UNITED KINGDOM: Submarine HMS Stubborn laid down.

FRANCE: Paris: The collaborationist newspaper, L'Oeuvre describes the burgeoning black market for food. "Nothing has been settled about how to feed Paris. .... indispensable vegetables are swept off the board and only the minority who can pay through the nose enjoy them. People of average means are .. deprived, ...and have not the wherewithal to take the time to go and eat in Normandy or Brittany.    Potatoes are .. unfindable. But the Black Market manages to infiltrate enormous quantities for restaurants or customers willing to pay 8 or 9 francs a kilo."

GERMANY: U-525 laid down.

NORWAY: Oslo: Guards with Tommy guns are patrolling the streets of Oslo tonight after a savage crackdown by Josef Terboven. Hitler's commissioner for Norway. Two trade union leaders have been executed after a summary court martial and four others have been sent to gaol.

An 8pm to 5am curfew is in force.

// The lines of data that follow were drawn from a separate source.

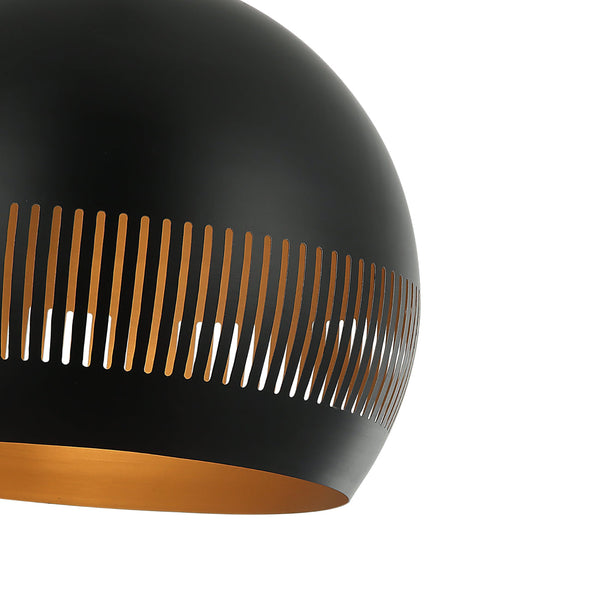 De Various Globo hanglamp in zwart heeft een Ø40 cm kap. Een moderne, stijlvolle tafellamp die een eigentijdse uitstraling biedt voor elk interieur.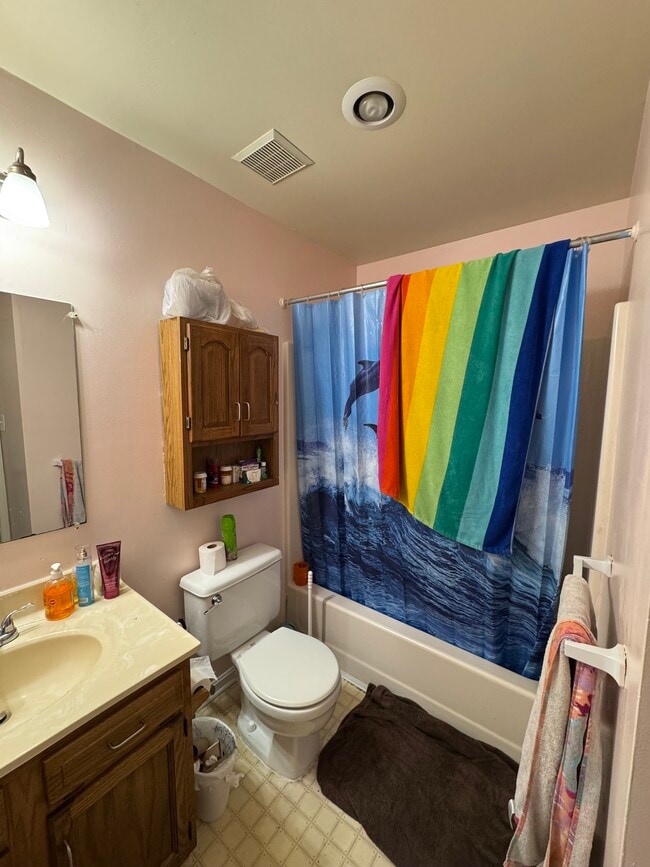 Photo - 1568 Harrier Ln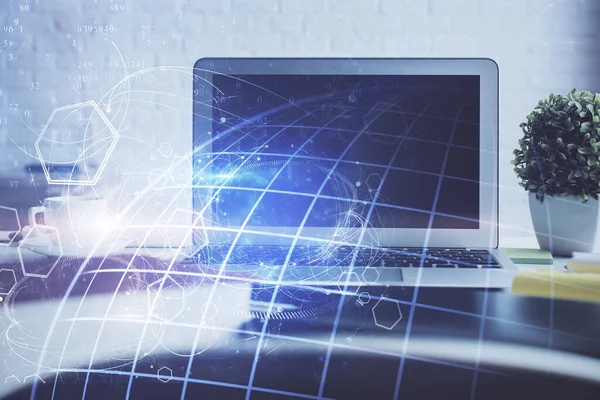 Bilgisayar ve dünya haritası hologramıyla masaüstü çifte pozlama. Uluslararası veri ağı kavramı.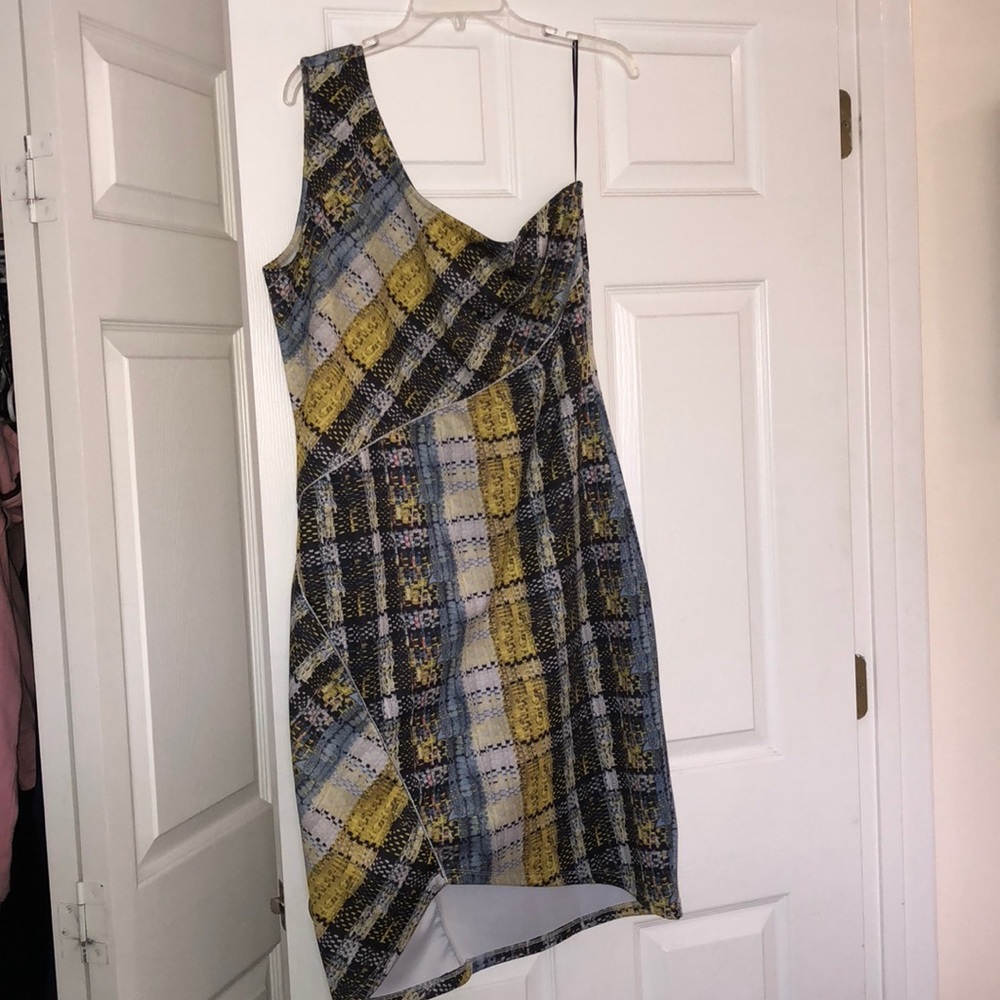 🔥 SEE PICS Project Runway One Shoulder Dress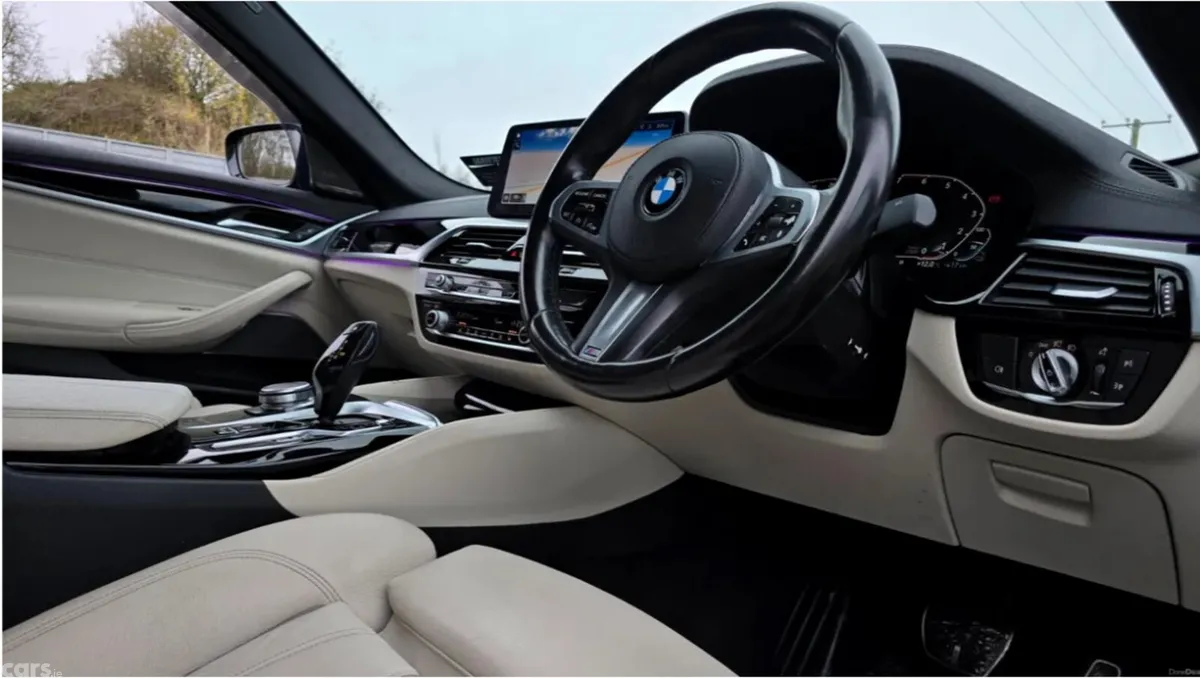 BMW 5-Series Saloon, Petrol Plug-in Hybrid, 2020, Grey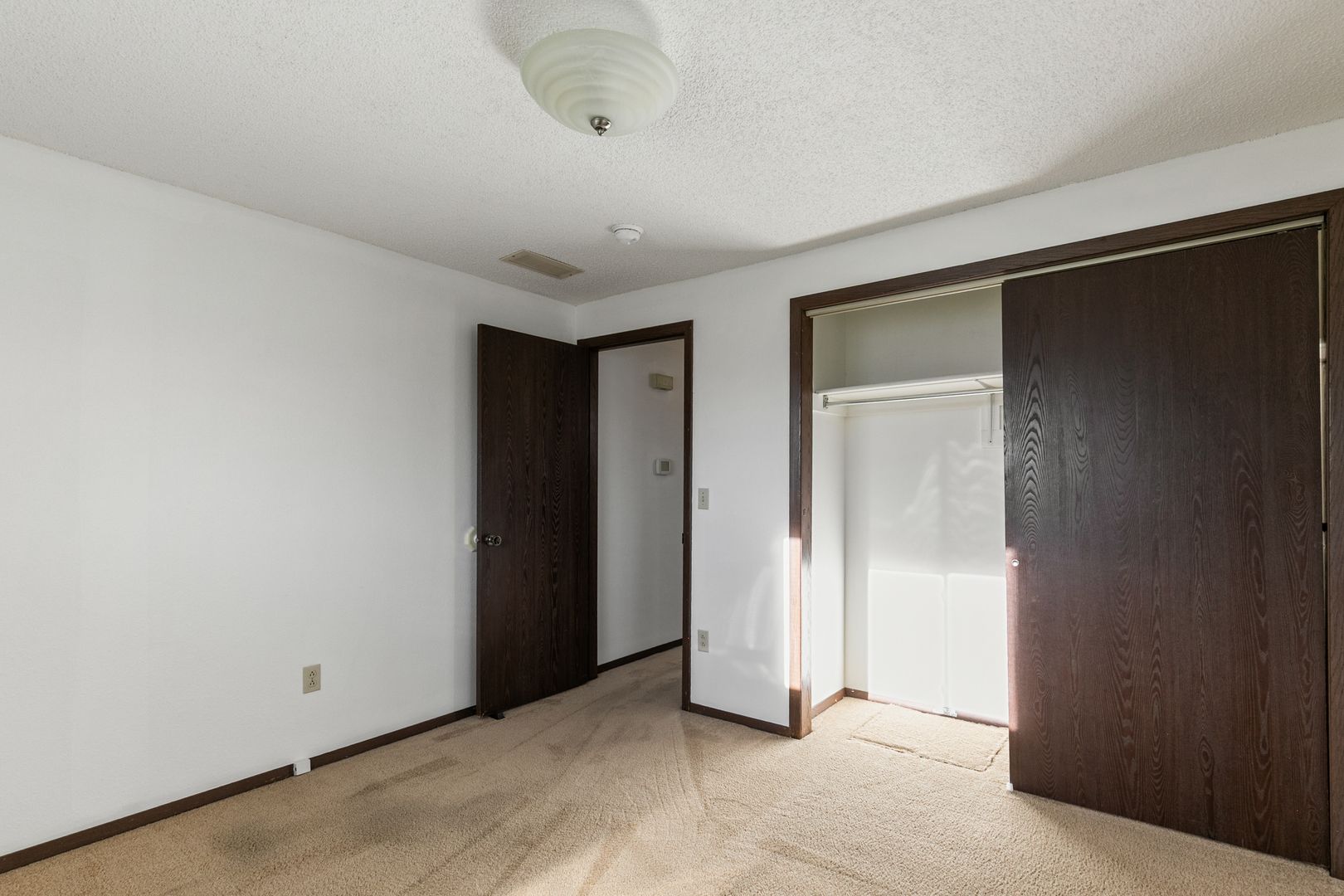 1417 Fleta Ct 12 of 17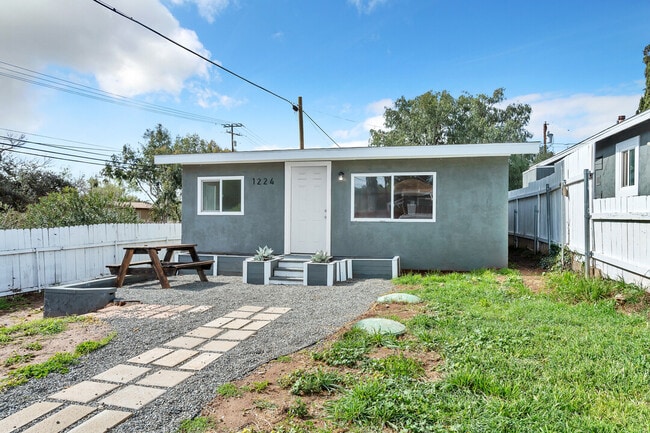 Building Photo - 1224 Willowside Ter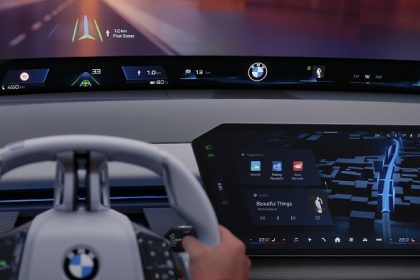 BMW Panoramic iDrive تحدث نقلة نوعية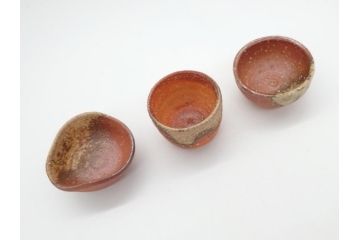 滋賀県指定無形文化財　高橋楽斎　楽斎窯　信楽焼き　深みのある色合いが魅力的なぐい呑み3客セット(共箱付き、酒器、和食器)(R-063954)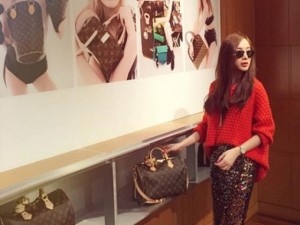 Phim - Angela Phương Trinh: ‘Có lần shopping hết 1 tỷ đồng’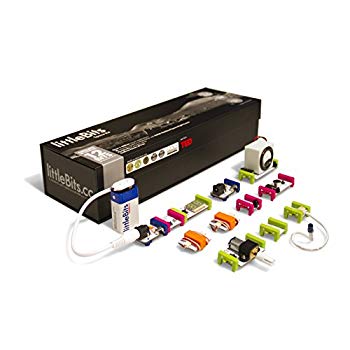 (中古品)littleBits 電子工作 組み立てキット Space Kit スペース キット【メーカー名】littleBits【メーカー型番】LITTLEBITS SPACE KIT【ブランド名】littleBits【商品説明】littleBits 電子工作 組み立てキット Space Kit スペース キット磁石で電子回路をつなぐだけ! シンプルでたのしい電子回路「littleBits」のキット商品です。NASAの科学者、技術者とのコラボレーションにより開発12種類のBitsモジュール、5種類のNASAレッスン、10種類のSTEAM(科学、技術、工学、アート、数学)アクティビティをパッケージ電磁気学、キネティック(動力学)やエネルギー科学の基本原理を学べる火星探査車や国際宇宙ステーションを作って音楽のワイヤレス送信などを楽しみながら学べる当店では初期不良に限り、商品到着から7日間は返品を 受付けております。品切れの場合は2週間程度でお届け致します。ご注文からお届けまで1、ご注文⇒24時間受け付けております。2、注文確認⇒当店から注文確認メールを送信します。3、在庫確認⇒中古品は受注後に、再メンテナンス、梱包しますので　お届けまで3日〜10日程度とお考え下さい。4、入金確認⇒前払い決済をご選択の場合、ご入金確認後、配送手配を致します。5、出荷⇒配送準備が整い次第、出荷致します。配送業者、追跡番号等の詳細をメール送信致します。6、到着⇒出荷後、1〜3日後に商品が到着します。当店はリサイクル専門店につき一般のお客様から買取しました中古扱い品です。ご来店ありがとうございます。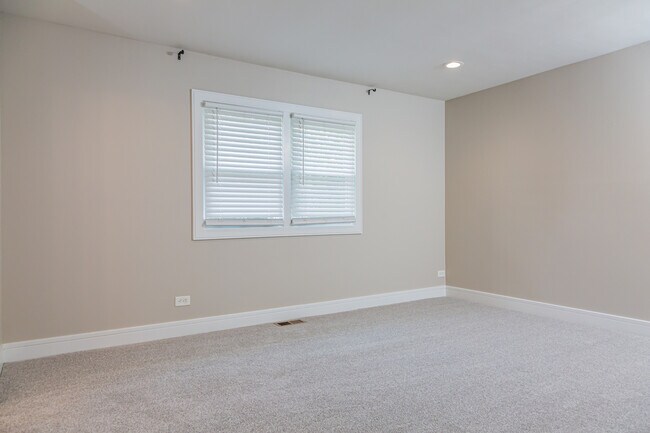 Building Photo - 825 Pheasant Walk Dr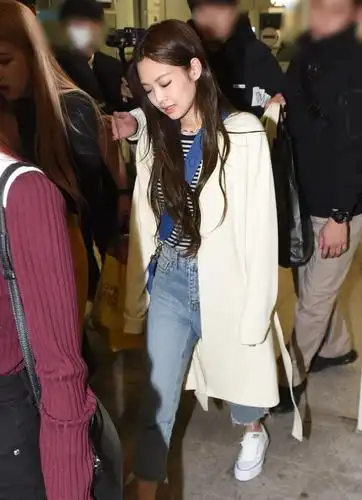 最强ace?blackpink金智妮"最新机场照"成为话题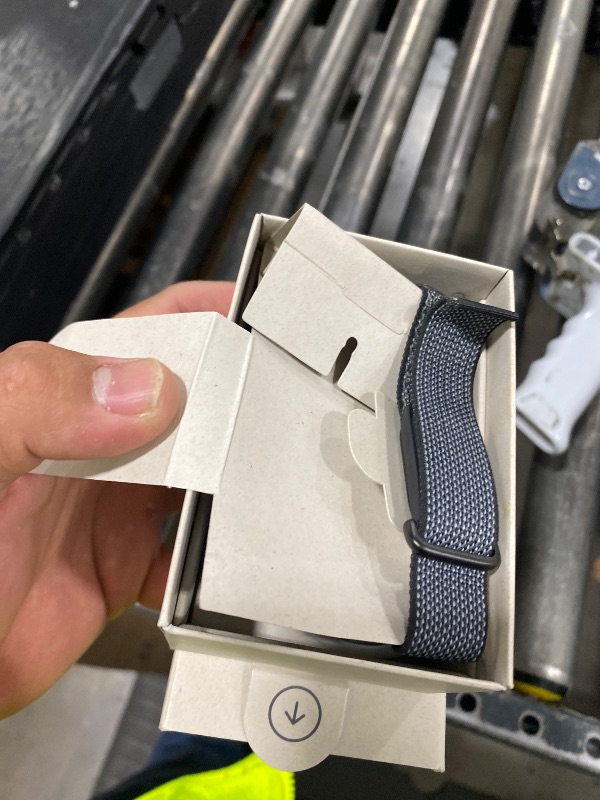 Photo 1 of Google Fitbit Air - Screenless Activity Tracker with Fitness, Heart Rate, and Sleep Tracking - Personalized AI-Powered Coaching - Up to 7 Days’ Battery Life - Works with iOS and Android - Obsidian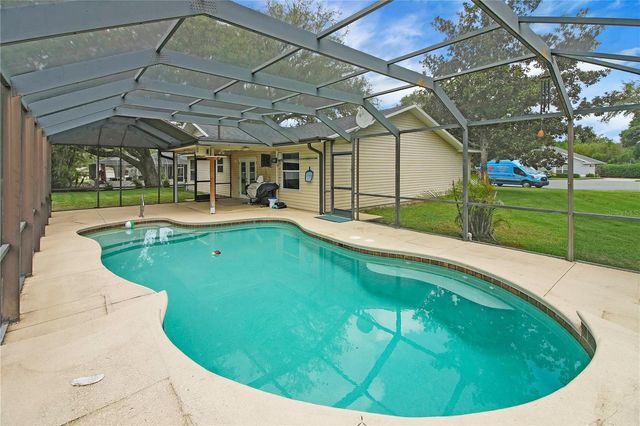 1204 OAK HAMMOCK LANE, Lady Lake, FL 32159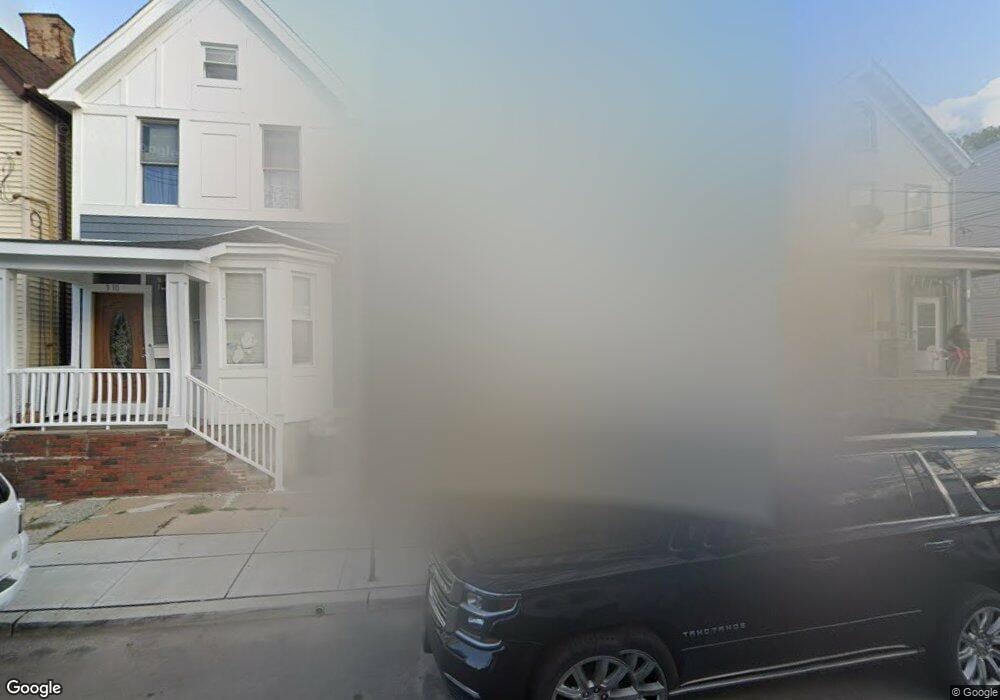 312 S Spring St unit Attic Studio, Elizabeth, NJ 07201 - photo 1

Dance halls are closed and the sale of alcohol is forbidden.  Newspaper editors have been sacked and all meetings, indoors and outdoors have been banned. Terboven declared martial law after reports that the Norwegian unions were calling a general strike in opposition to the Nazi regime. Terboven accused "communist elements" in the unions of "disturbing the industrial peace in a criminal manner."

The underground anti-Nazi newspaper Fri Ragbevegelse has called on the people to remain calm, but to fight "with all secret means for their rights." 

U.S.S.R.: General Heinz Guderian, Commanding Second Panzer Army, attacks south, and east of Kiev. The First Panzer Group begins the breakout of their bridgehead over the Dniepr River around Kremenchug. Both Army Groups Centre and South are aimed at Kiev. Generalleutnant Walter Model’s 3 Pz. Div. (XXIV Pz.K) captures Romny 30 miles to the south. (Jeff Chrisman)

The Luftwaffe raids Leningrad hitting the cities dairy and starting dozens of fires. Two hundred citizens are killed in the night’s raid.

Soviet submarines SC-407 and SC-408 commissioned.

CANADA: Minesweepers HMCS Cowichan and Wasaga arrived Halifax from builder Esquimalt, British Columbia.
Patrol boat HMCS Nenamook launched Victoria, British Columbia. Corvette HMCS Charlottetown launched.

In Edmonton Alberta , the provincial government orders all schools closed due to the epidemics of infantile paralysis (poliomyelitis) and encephalitis.

U.S.A.: Charlie Chaplin was accused today of using the cinema to "poison the minds of the American people to go to war". Senator Bennett Champ Clark, a leading isolationist, told a Senate sub-committee investigating propaganda charges against Hollywood that United Artists was dominated by Chaplin and Alexander Korda, two British subjects, who were using it to make pro-war propaganda. United Artists made The Great Dictator.

Chaplin, he said, had made his fortune in America, but never thought well enough of it to become a US citizen. He claimed that British propaganda had dragged America into the last war.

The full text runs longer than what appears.